- Source material:
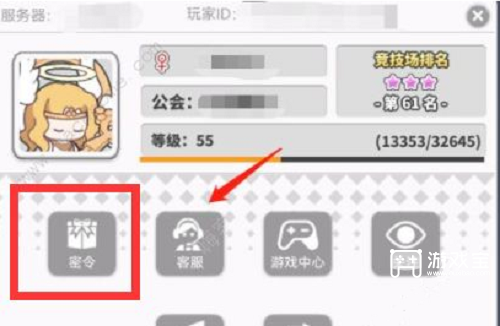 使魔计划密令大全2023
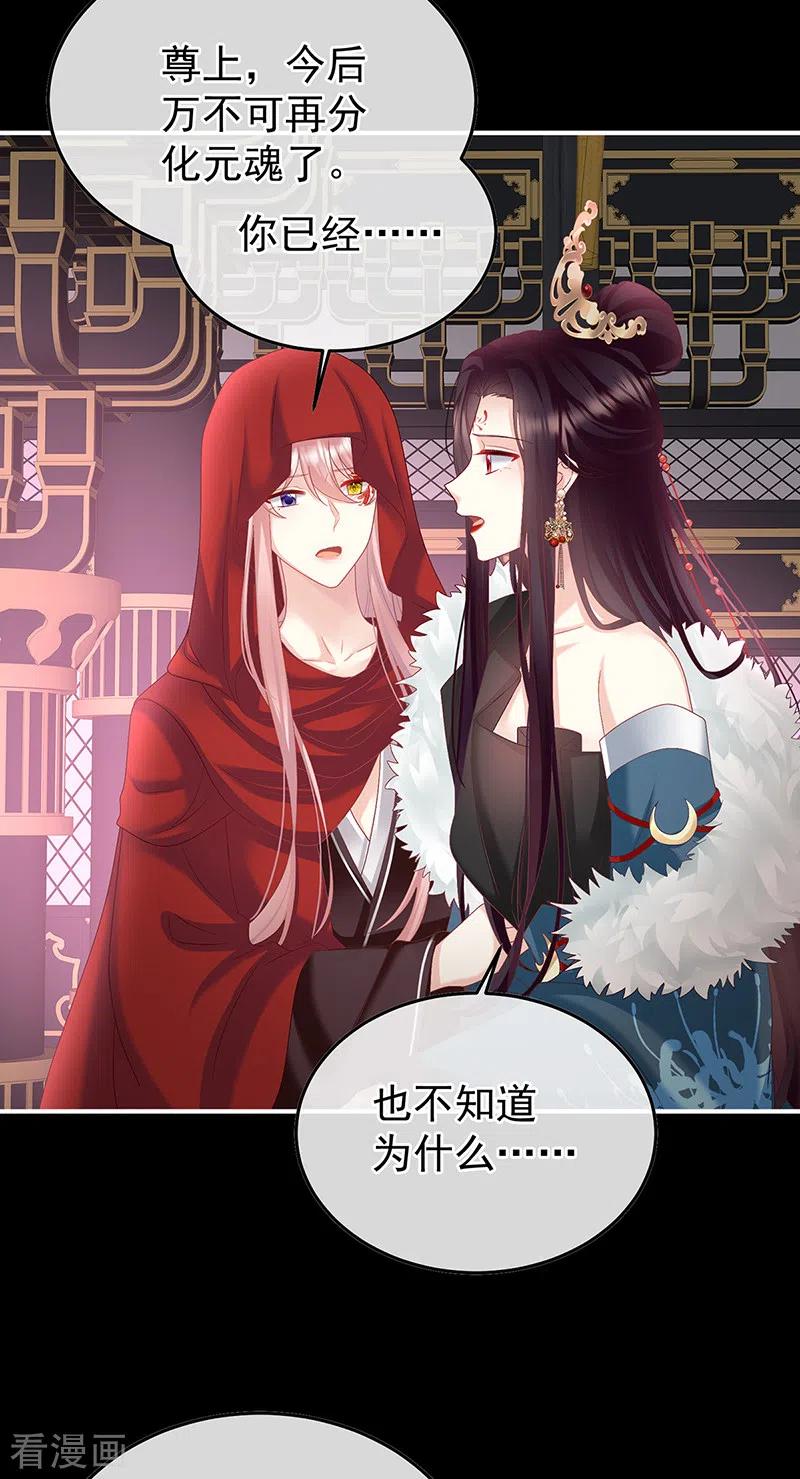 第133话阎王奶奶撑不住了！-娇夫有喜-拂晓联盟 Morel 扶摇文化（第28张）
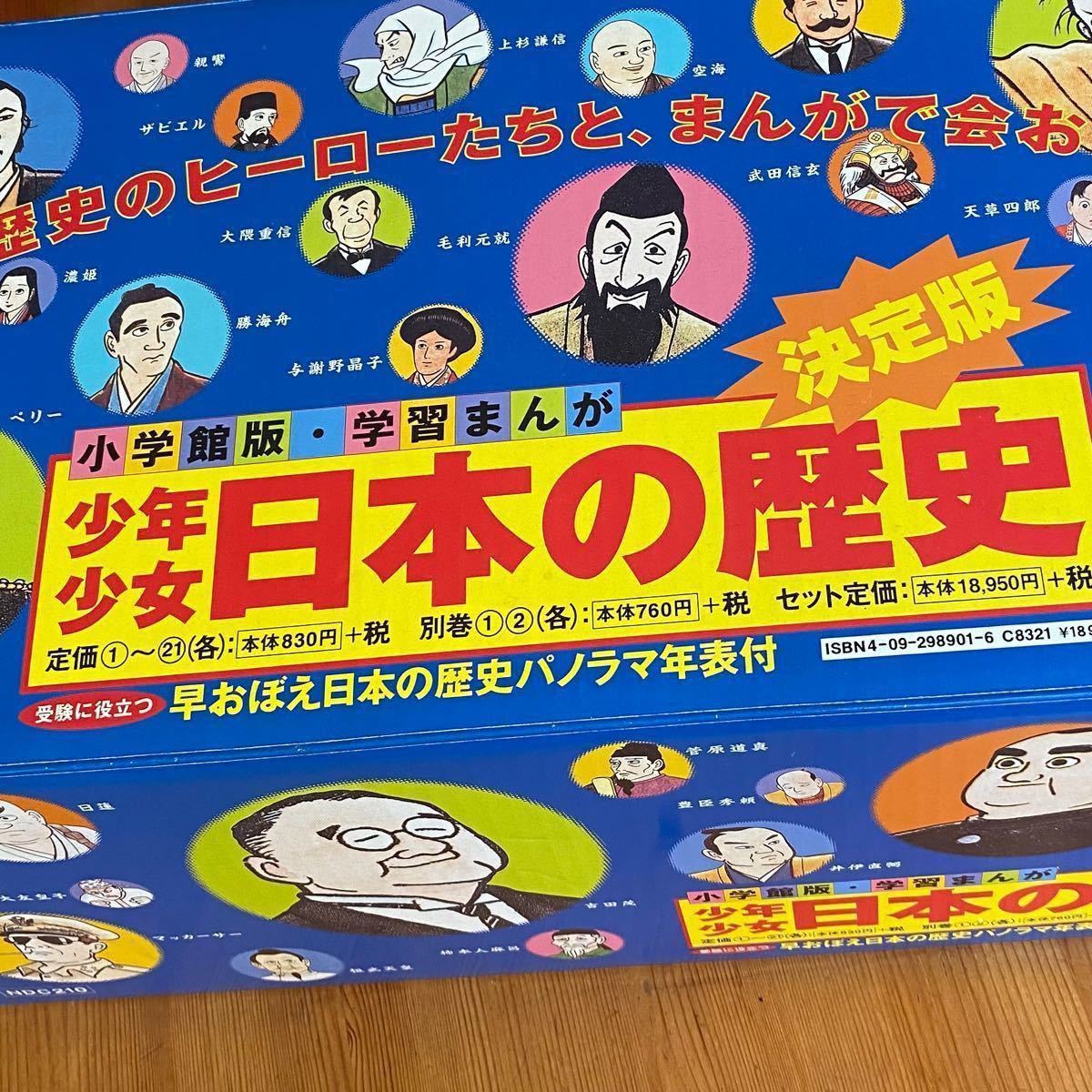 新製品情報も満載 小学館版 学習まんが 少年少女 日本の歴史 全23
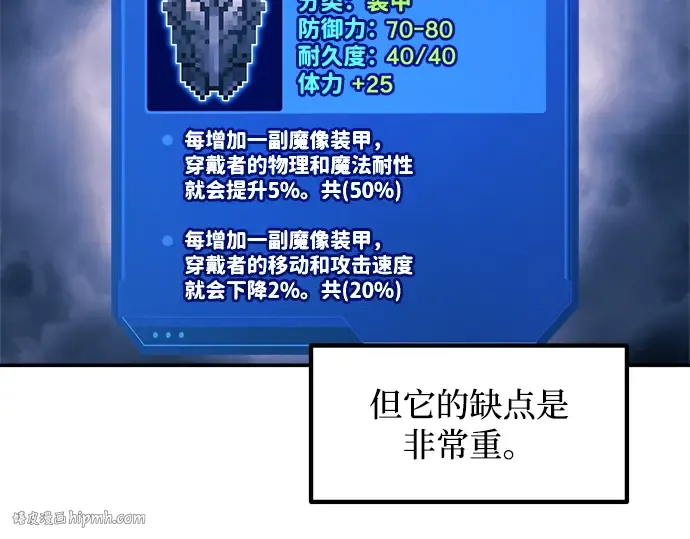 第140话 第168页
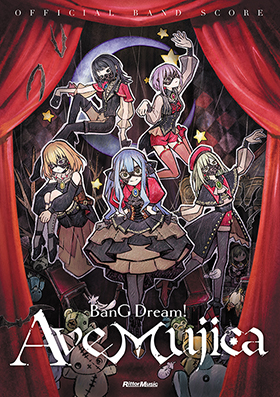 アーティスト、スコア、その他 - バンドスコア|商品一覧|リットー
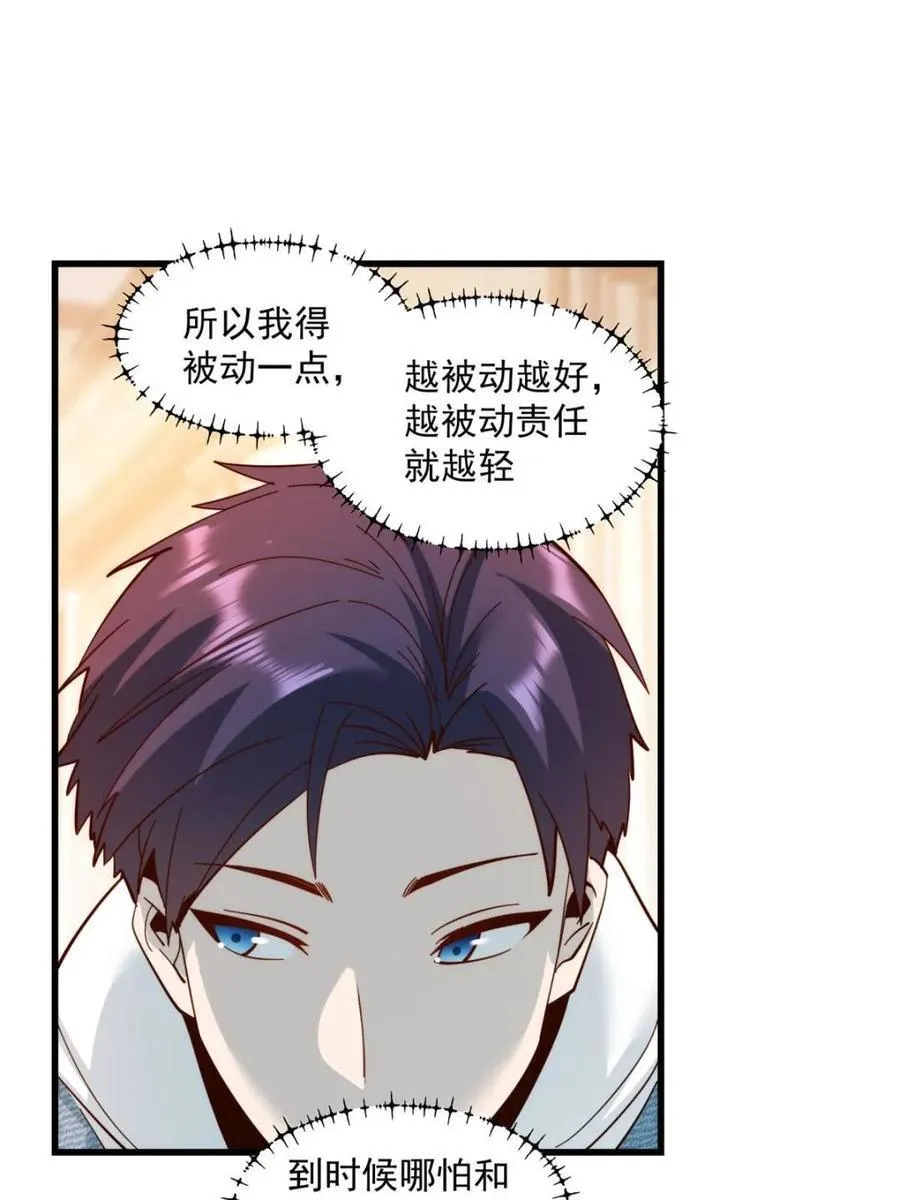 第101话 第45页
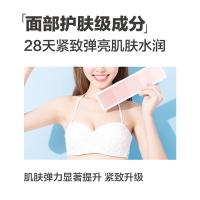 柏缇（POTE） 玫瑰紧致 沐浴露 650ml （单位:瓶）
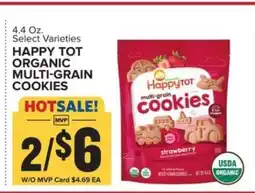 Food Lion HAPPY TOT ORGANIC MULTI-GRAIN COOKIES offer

==

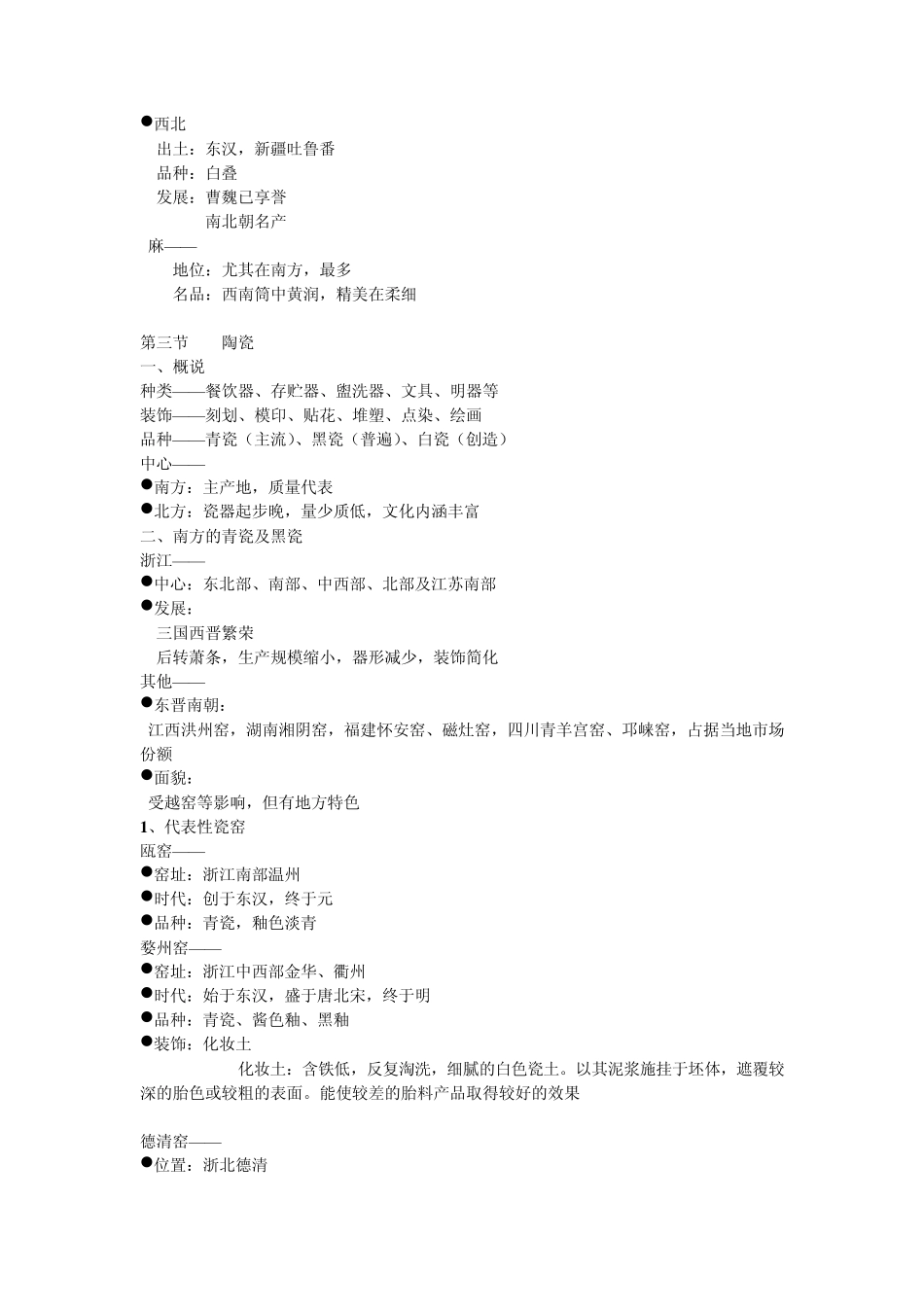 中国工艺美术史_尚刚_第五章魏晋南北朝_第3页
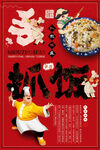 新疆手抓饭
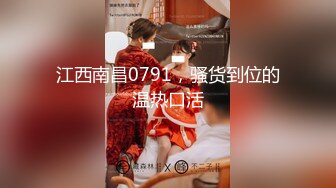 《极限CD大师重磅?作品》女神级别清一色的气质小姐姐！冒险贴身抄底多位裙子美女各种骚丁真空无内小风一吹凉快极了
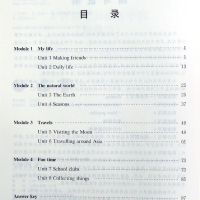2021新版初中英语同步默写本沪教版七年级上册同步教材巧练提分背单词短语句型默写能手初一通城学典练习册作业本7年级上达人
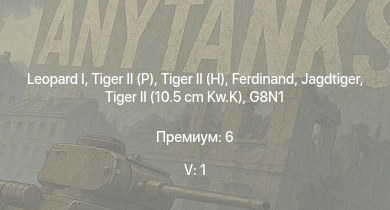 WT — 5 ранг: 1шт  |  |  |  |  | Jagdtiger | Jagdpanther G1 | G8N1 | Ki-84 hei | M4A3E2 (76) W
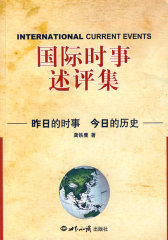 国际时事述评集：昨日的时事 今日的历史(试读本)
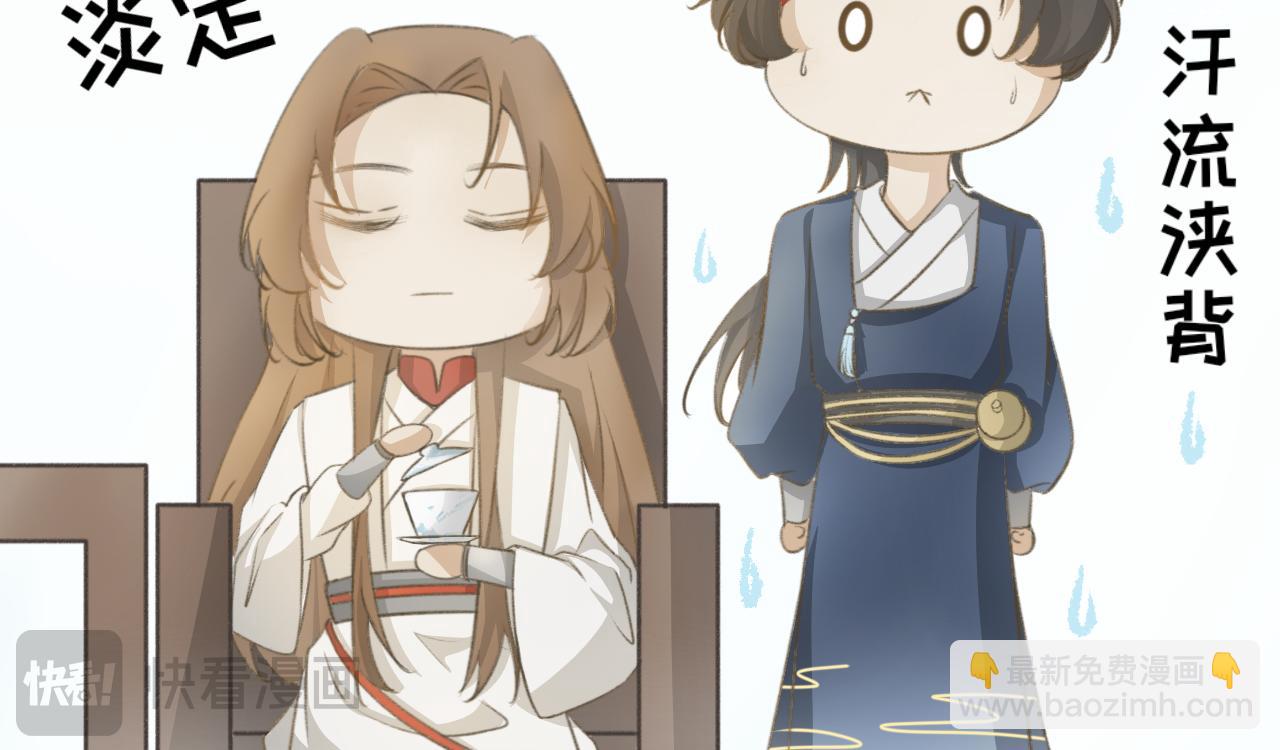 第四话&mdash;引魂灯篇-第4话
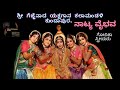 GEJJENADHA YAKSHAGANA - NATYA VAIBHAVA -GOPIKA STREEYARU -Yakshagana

--

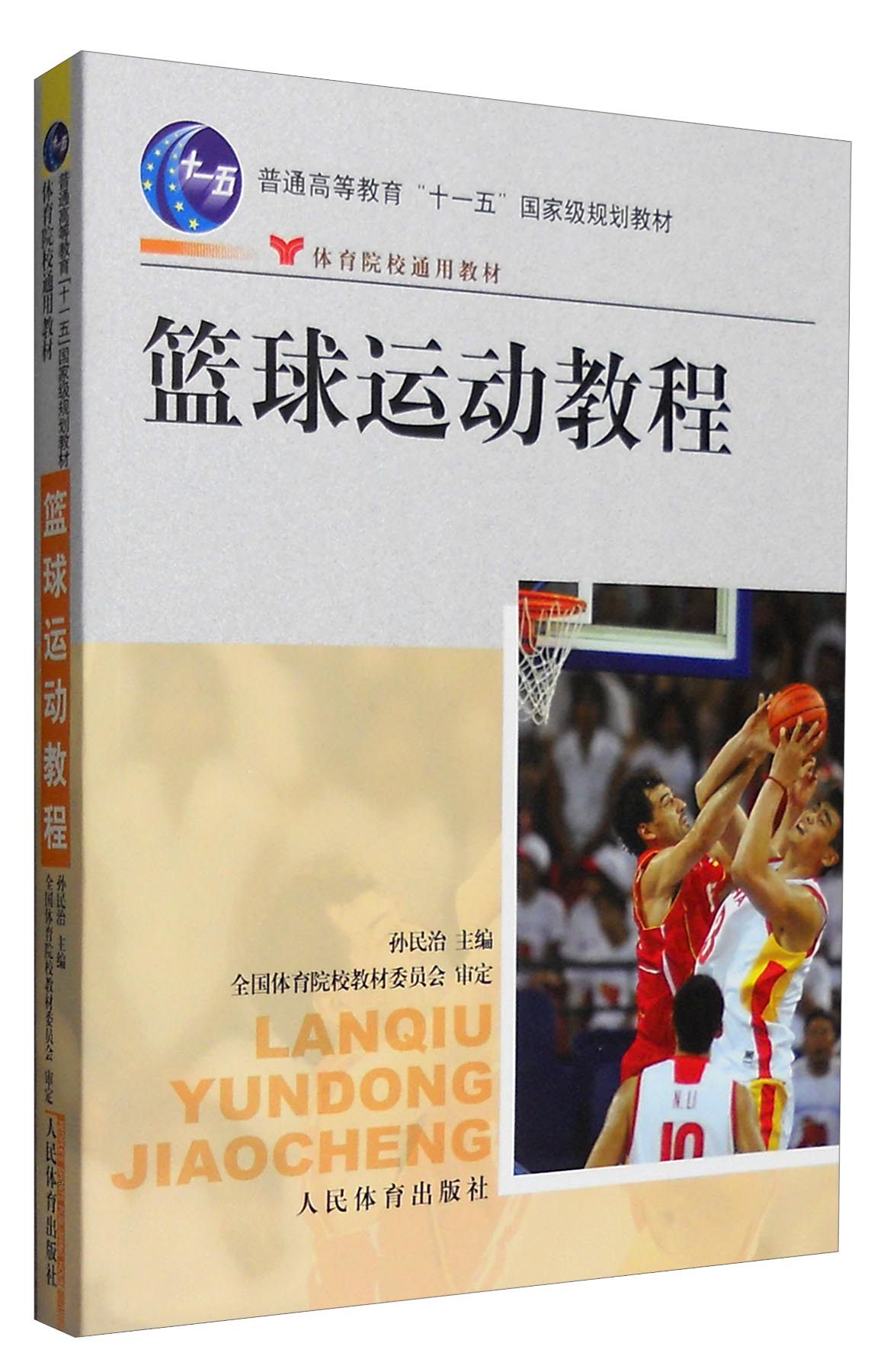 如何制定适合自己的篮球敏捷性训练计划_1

- Action item: Write out word for word the lines of the listing above from the line with "柏缇（POTE） 玫瑰紧致 沐浴露 650ml （单位:瓶）" to the line with "Food Lion HAPPY", taking in both of those lines but no pictures.

- Exercise solution:
 柏缇（POTE） 玫瑰紧致 沐浴露 650ml （单位:瓶）
 Food Lion HAPPY TOT ORGANIC MULTI-GRAIN COOKIES offer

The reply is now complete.